Available data: Begin

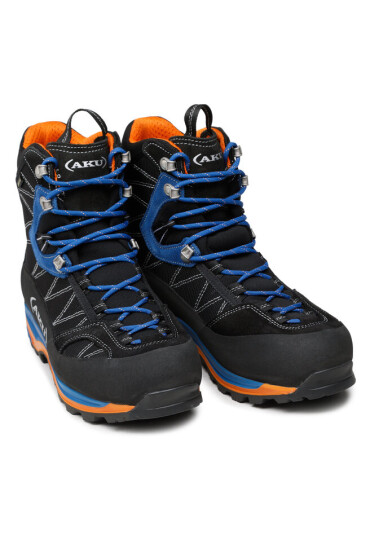 Aku Туристически Tengu Gtx GORE-TEX 974 Черен - Mera.bg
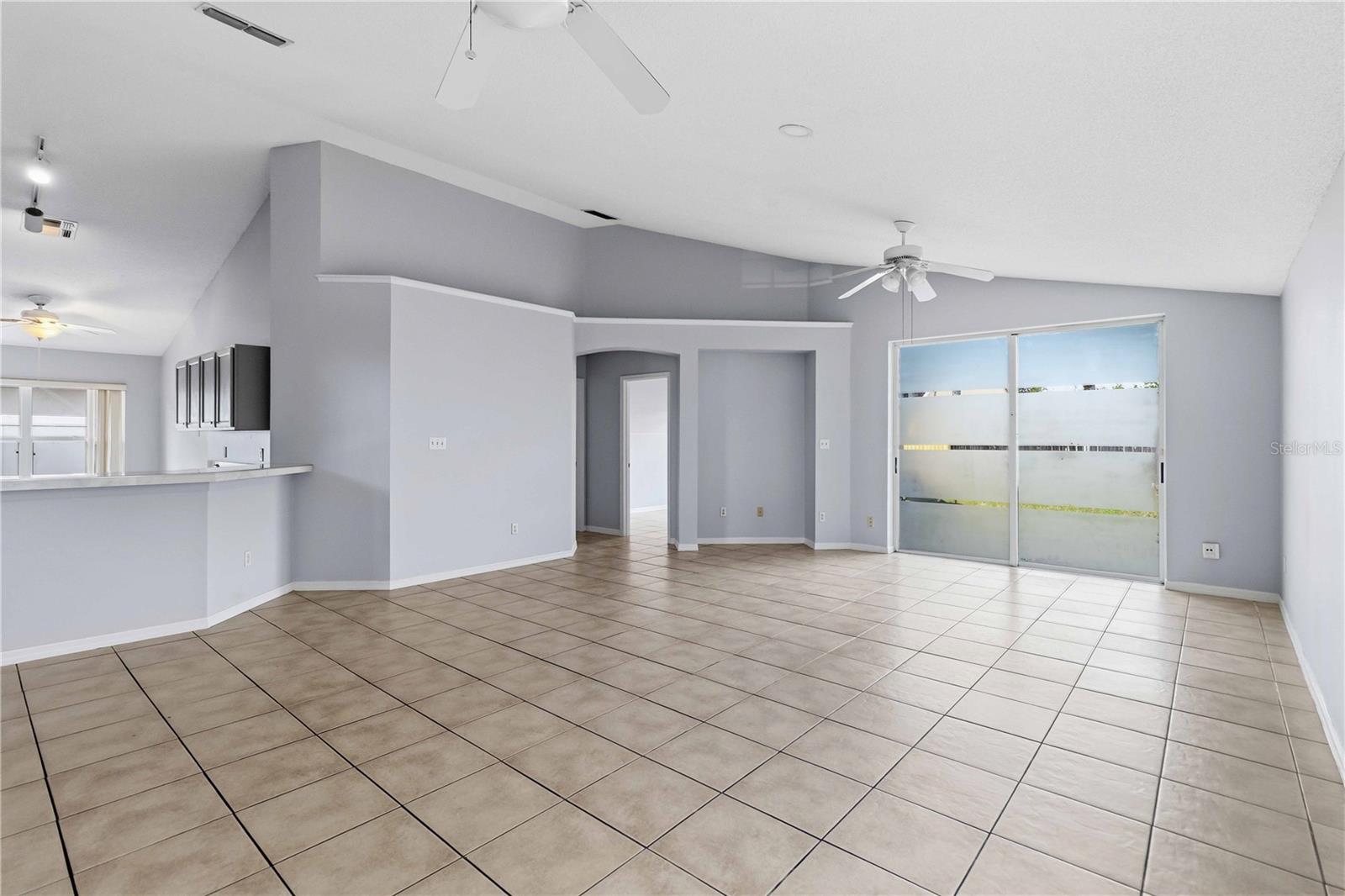 SOUTHCHASE PH 01B VILLAGE 05 - Residential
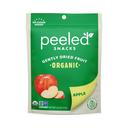 Peeled Two The Core Apple Snack, 2.8 Ounce -- 12 per case.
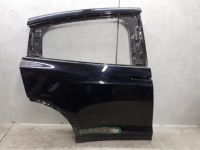 Купити Двері задня задні праве tesla model x 2015-, фото thumb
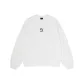 Raw White
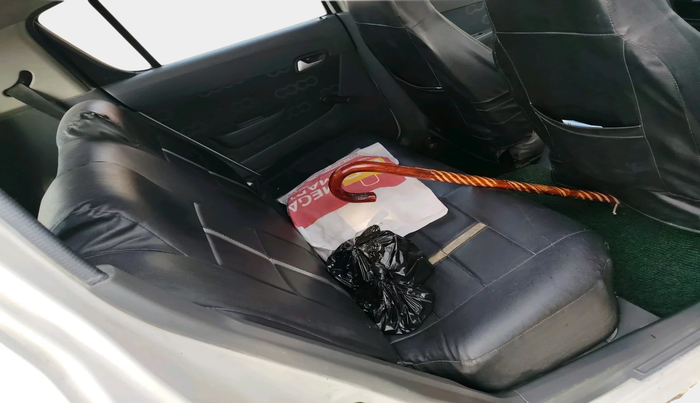 2014 Maruti Alto 800 LXI, Petrol, Manual, 84,350 km, interior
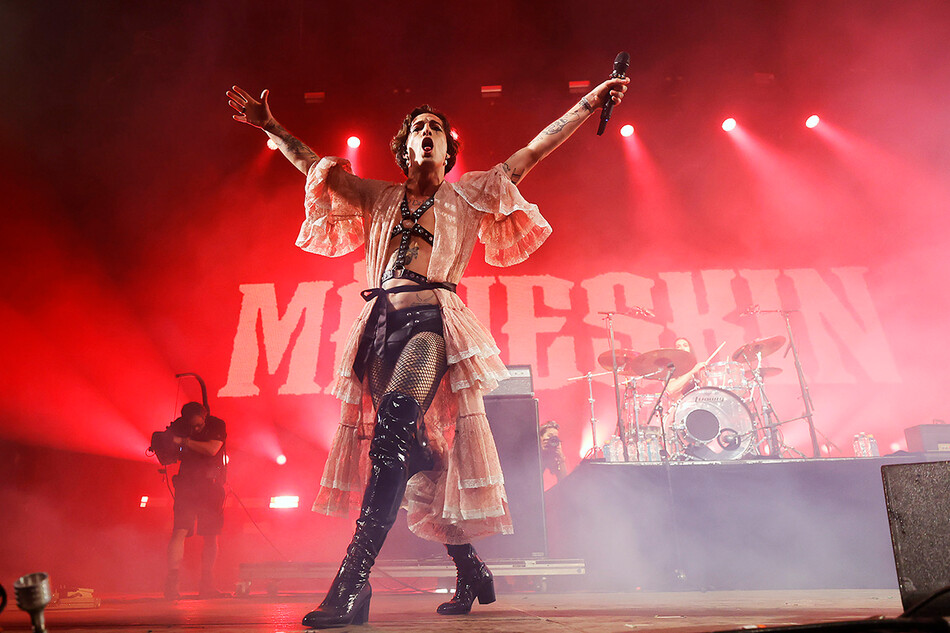 Давид Дамиано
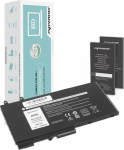 Movano Battery R8D7N do Dell Latitude 5410 5411 5500 Precision 3541 3550 - 4000 mAh (46 Wh)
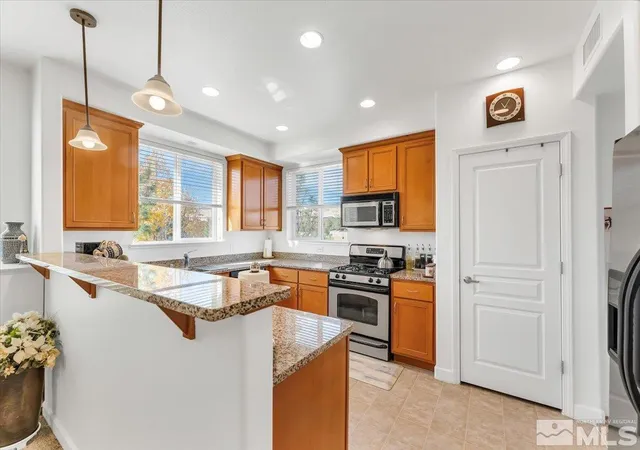 Photo 4 of Townhouse for sale at 4885 Bougainvillea Cir, Sparks, NV 89436 | MLS# 260010213 | Listing updated on 2026-08-31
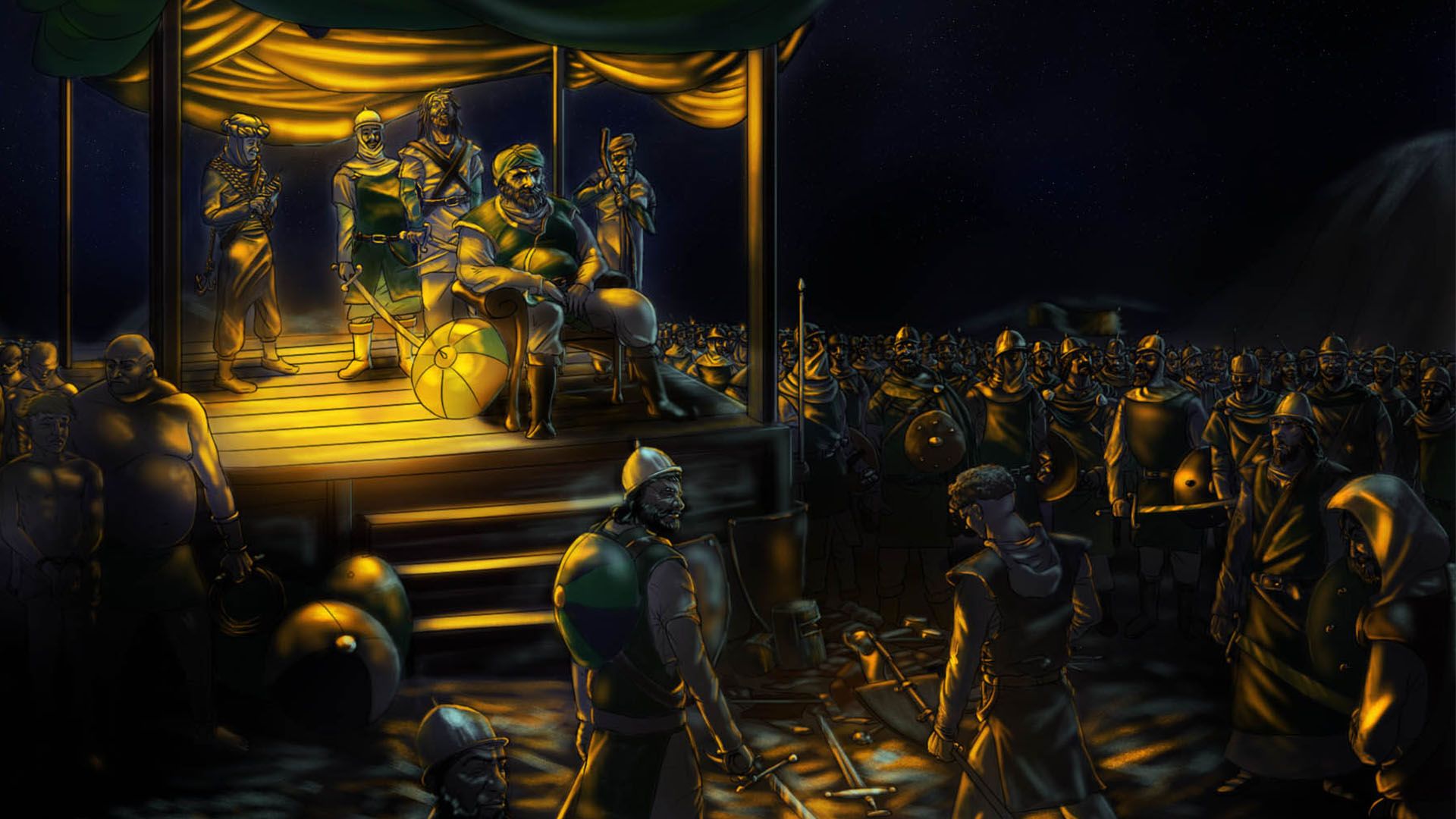 1920x1080 Stronghold Crusader 2 Community Items · SteamDB
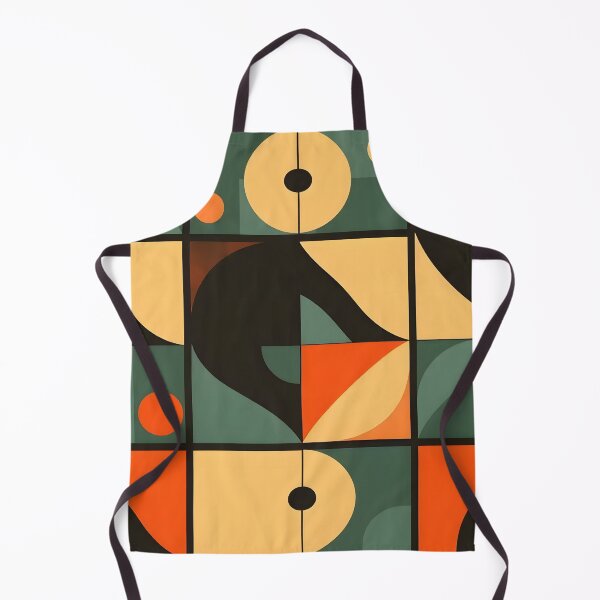 Item preview, Mid Century Modern Pattern designed and sold by GraphicsClub.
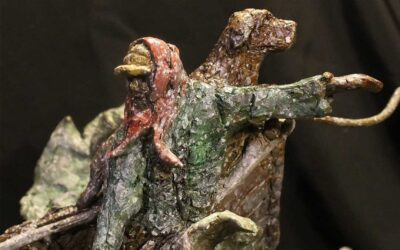 The Whisper in the Grey of Morning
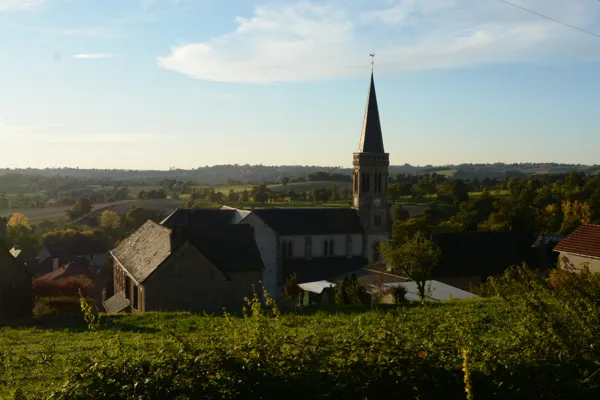 Randonnée - Le chemin de Cassanhol (Saint-Salvadou)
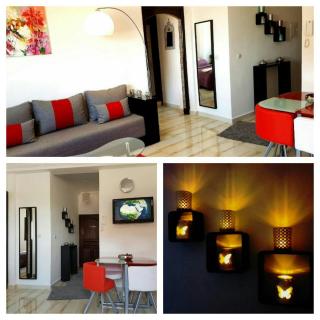 Appartement à proximité de l'aéroport de Marrakech - 6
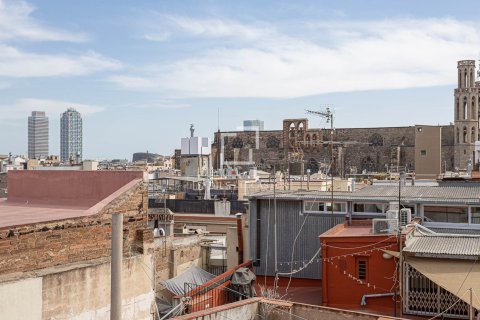 2 chambres penthouse à vendre à Barcelona, Catalonia, Spain № 3780 - photo 27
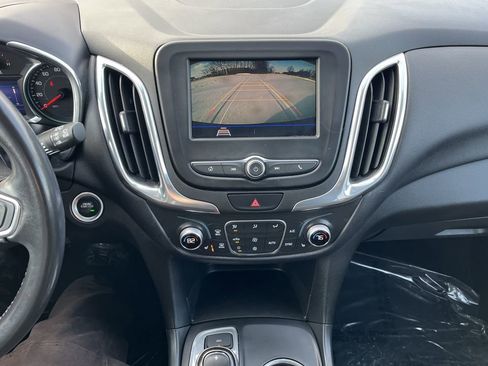 Certified 2020 Chevrolet Equinox LT image 14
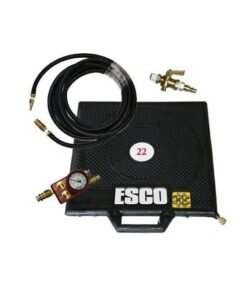 ESCO 22 Ton Air Bag Jack Kit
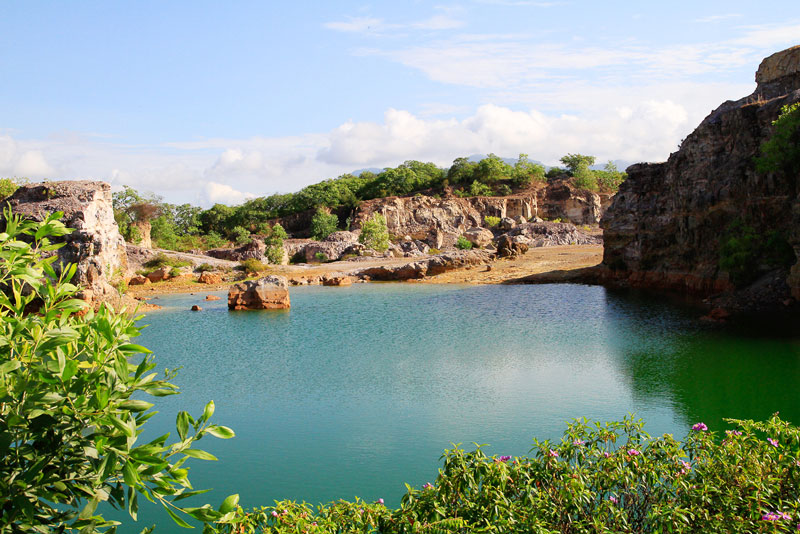 “Tuyệt tình cốc” phiên bản miền Tây - Ảnh 10. “Tuyệt tình cốc” phiên bản miền Tây - Ảnh 10.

Available data: End

**What you are asked to do:**
Excluding the pictures, transcribe all of the entries exactly.

**Final answer:**
 Aku Туристически Tengu Gtx GORE-TEX 974 Черен - Mera.bg
 SOUTHCHASE PH 01B VILLAGE 05 - Residential
 Peeled Two The Core Apple Snack, 2.8 Ounce -- 12 per case.
 Купити Двері задня задні праве tesla model x 2015-, фото thumb
 Raw White
 2014 Maruti Alto 800 LXI, Petrol, Manual, 84,350 km, interior
 Давид Дамиано
 Movano Battery R8D7N do Dell Latitude 5410 5411 5500 Precision 3541 3550 - 4000 mAh (46 Wh)
 Photo 4 of Townhouse for sale at 4885 Bougainvillea Cir, Sparks, NV 89436 | MLS# 260010213 | Listing updated on 2026-08-31
 1920x1080 Stronghold Crusader 2 Community Items · SteamDB
 Item preview, Mid Century Modern Pattern designed and sold by GraphicsClub.
 The Whisper in the Grey of Morning
 Randonnée - Le chemin de Cassanhol (Saint-Salvadou)
 Appartement à proximité de l'aéroport de Marrakech - 6
 2 chambres penthouse à vendre à Barcelona, Catalonia, Spain № 3780 - photo 27
 Certified 2020 Chevrolet Equinox LT image 14
 ESCO 22 Ton Air Bag Jack Kit
 “Tuyệt tình cốc” phiên bản miền Tây - Ảnh 10. “Tuyệt tình cốc” phiên bản miền Tây - Ảnh 10.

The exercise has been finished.